> _WORK REQUEST_: Output all entries precisely and leave out the pictures.

(Collection entries)
+ + +

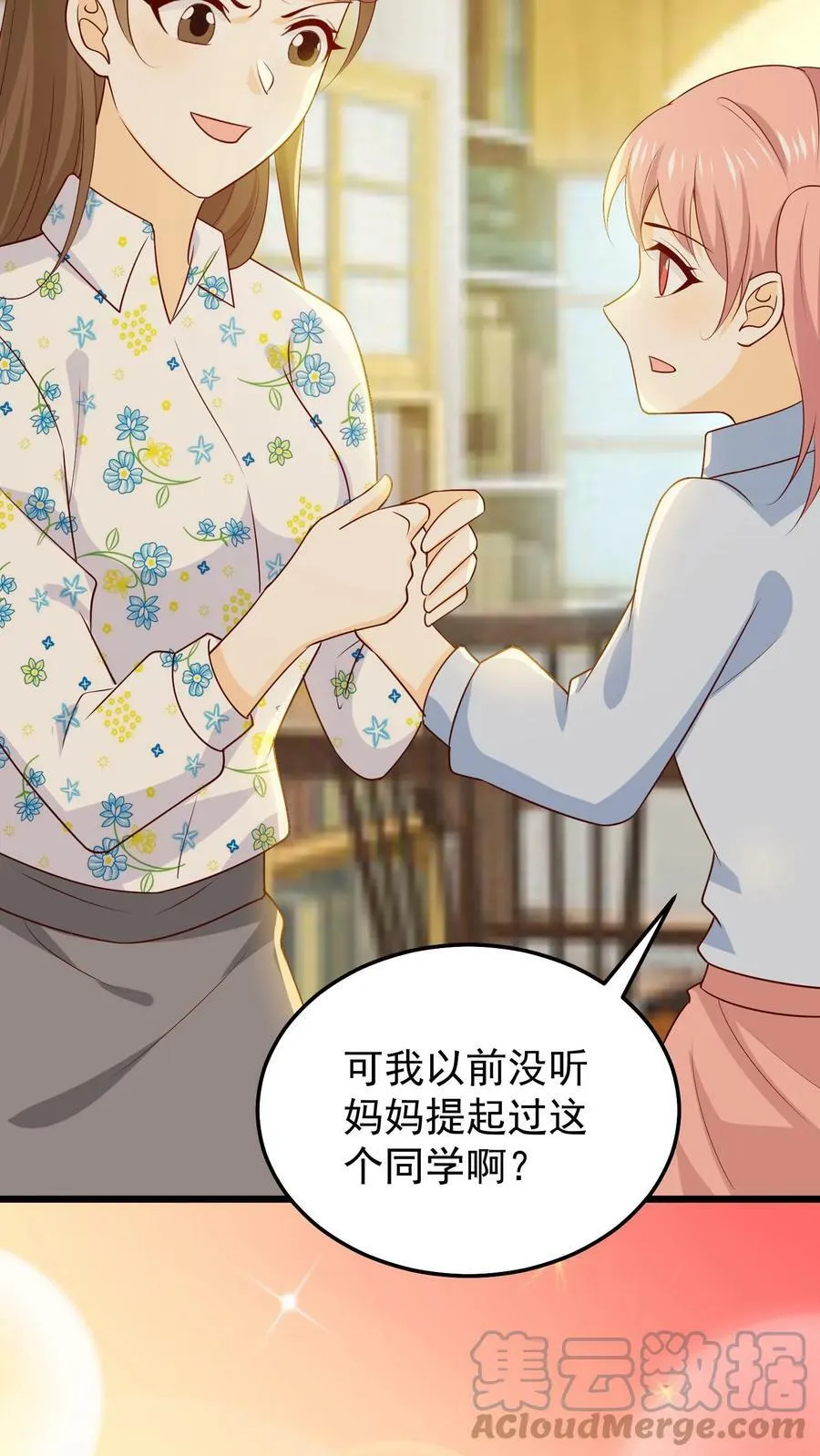 第88话 他竟然又出现了 第15页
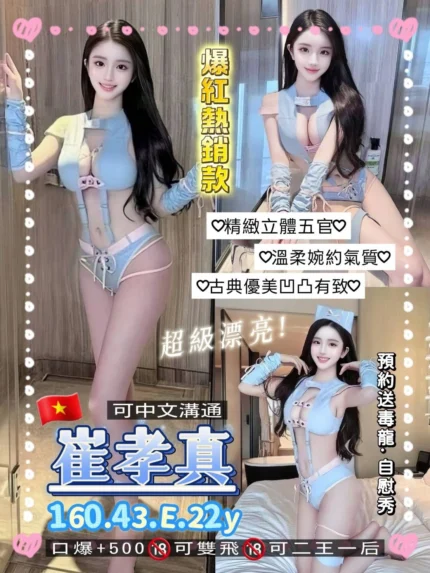 桃園定點茶-崔孝真/160/43/22/E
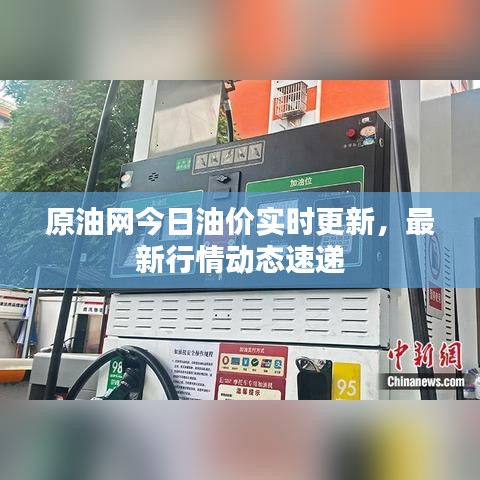 原油网今日油价实时更新，最新行情动态速递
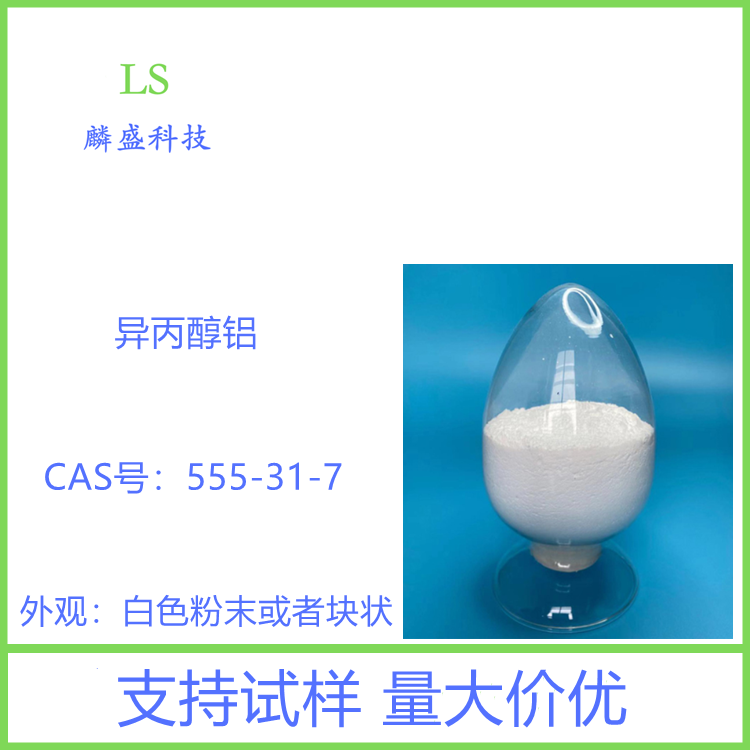 异丙醇铝 555-31-7 用作还原剂、强脱水剂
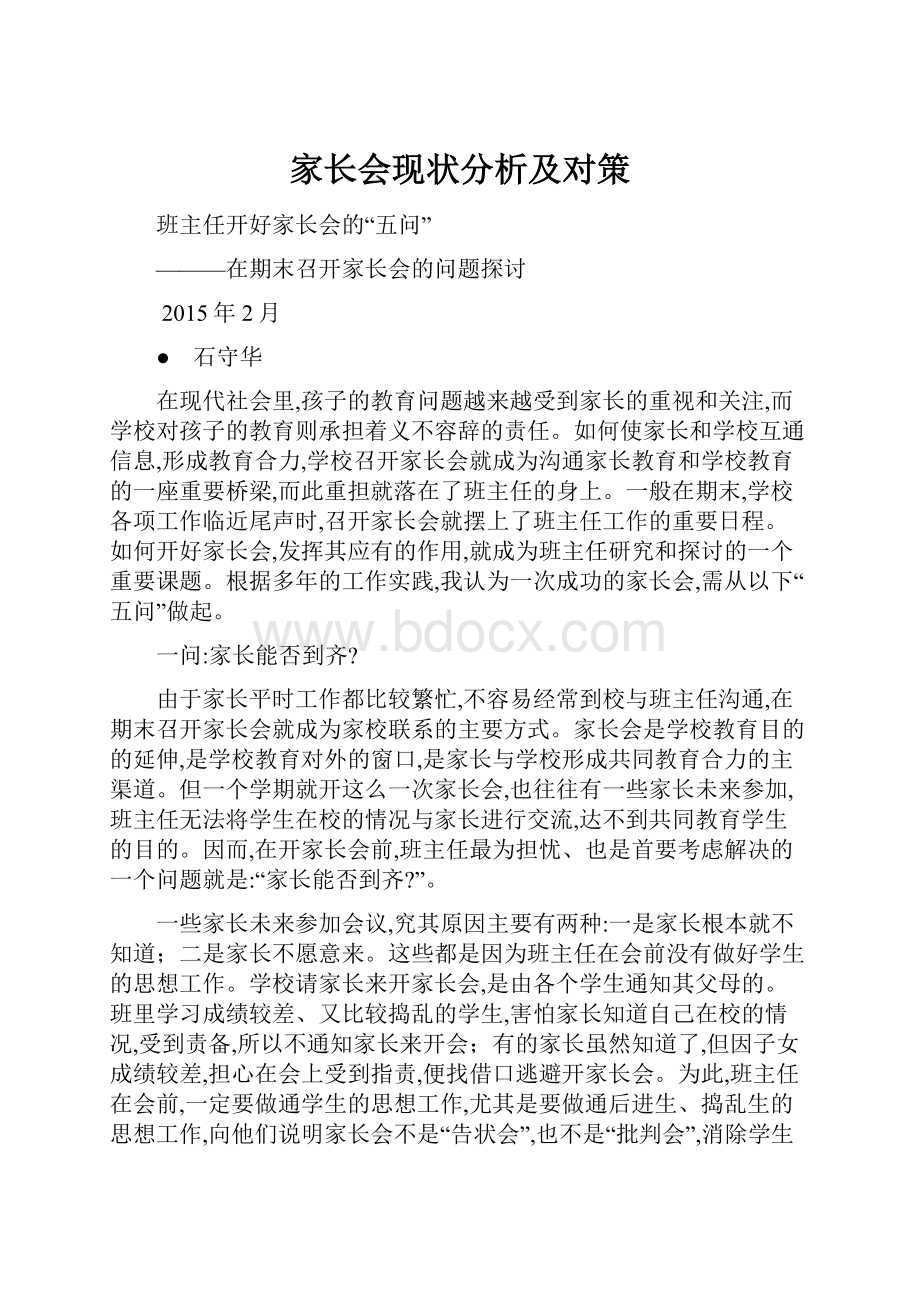 家长会现状分析及对策.docx_第1页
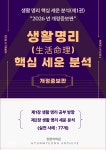개정증보판] 생활명리 핵심 세운분석(제1권) 출간 안내 - 📚2026년 개정증보판 생활명리 핵심... 개정증보판] 생활명리 핵심 세운분석(제1권)... 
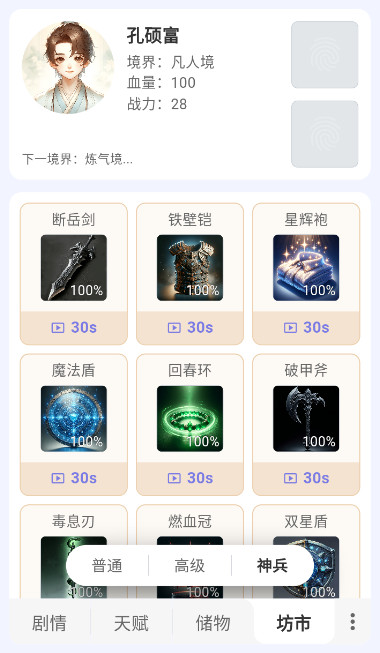 砍柴娃修仙安卓版截图2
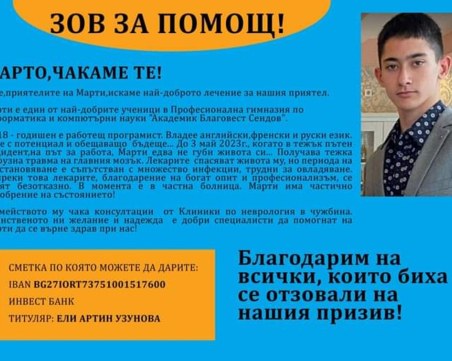 Зов за помощ! Да помогнем на талантливия пловдивчанин Марти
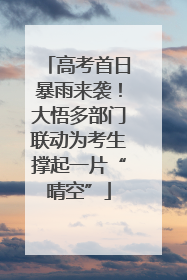 高考首日暴雨来袭！大悟多部门联动为考生撑起一片“晴空”
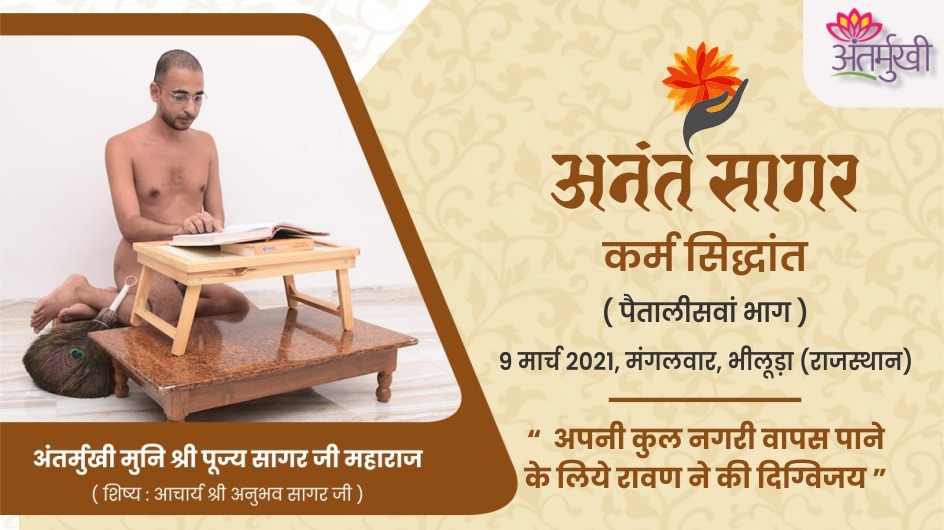 अपनी कुल नगरी वापस पाने के लिये रावण ने की दिग्विजय – अंतर्मुखी मुनि श्री पूज्यसागर जी महाराज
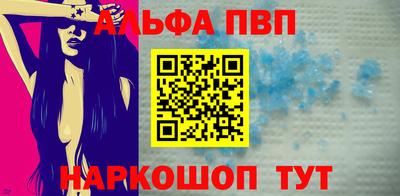 марки lsd Можайск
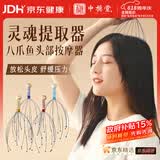 中稳堂八爪鱼头部按摩器灵魂提取器疏通经络挠头皮穴位按摩放松抓头神器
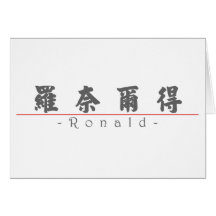 Chinese name for Ronald 20801_4.pdf Greeting Cards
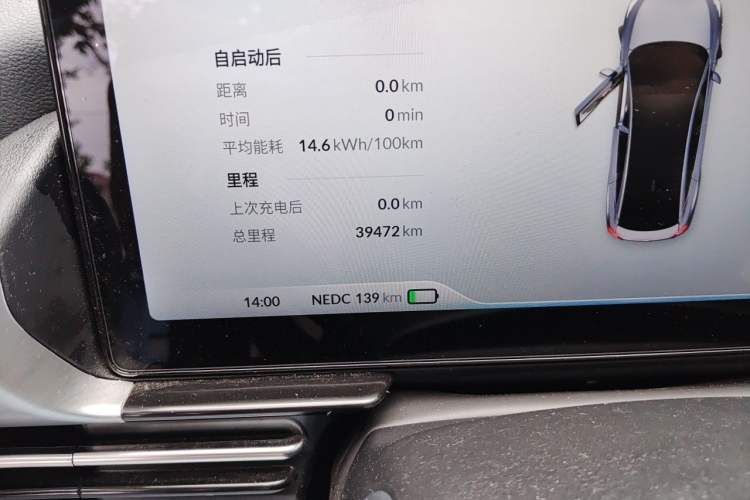 Used XPeng P5 2022 550E Odometer Close Up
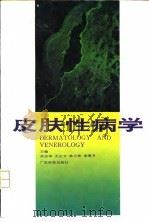 皮肤性病学   1992  PDF电子版封面  7535909531  吴志华等主编 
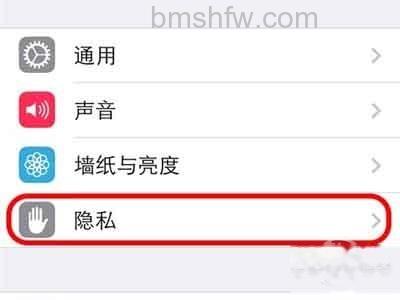 iPhone如何防止被追踪 iPhone如何防止被追踪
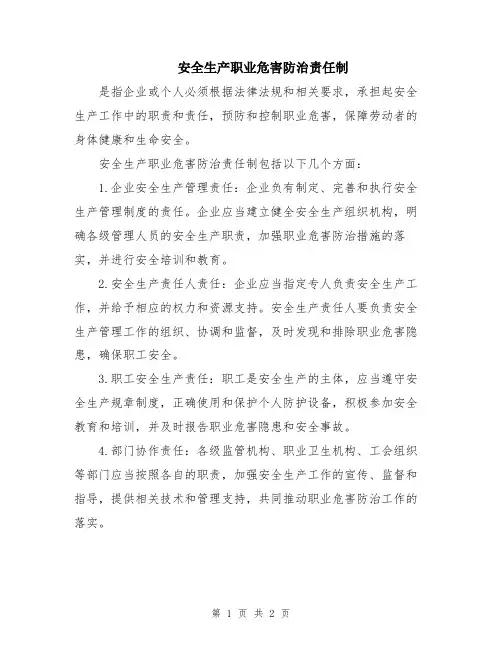 安全生产职业危害防治责任制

+ + +

> _RESPONSE_:
 第88话 他竟然又出现了 第15页
 桃園定點茶-崔孝真/160/43/22/E
 原油网今日油价实时更新，最新行情动态速递
 异丙醇铝 555-31-7 用作还原剂、强脱水剂
 家长会现状分析及对策.docx_第1页
개정증보판] 생활명리 핵심 세운분석(제1권) 출간 안내 - 📚2026년 개정증보판 생활명리 핵심... 개정증보판] 생활명리 핵심 세운분석(제1권)... 
 砍柴娃修仙安卓版截图2
 Зов за помощ! Да помогнем на талантливия пловдивчанин Марти
 高考首日暴雨来袭！大悟多部门联动为考生撑起一片“晴空”
 अपनी कुल नगरी वापस पाने के लिये रावण ने की दिग्विजय – अंतर्मुखी मुनि श्री पूज्यसागर जी महाराज
 марки lsd Можайск
 中稳堂八爪鱼头部按摩器灵魂提取器疏通经络挠头皮穴位按摩放松抓头神器
 Chinese name for Ronald 20801_4.pdf Greeting Cards
 Used XPeng P5 2022 550E Odometer Close Up
 皮肤性病学   1992  PDF电子版封面  7535909531  吴志华等主编 
 iPhone如何防止被追踪 iPhone如何防止被追踪
 安全生产职业危害防治责任制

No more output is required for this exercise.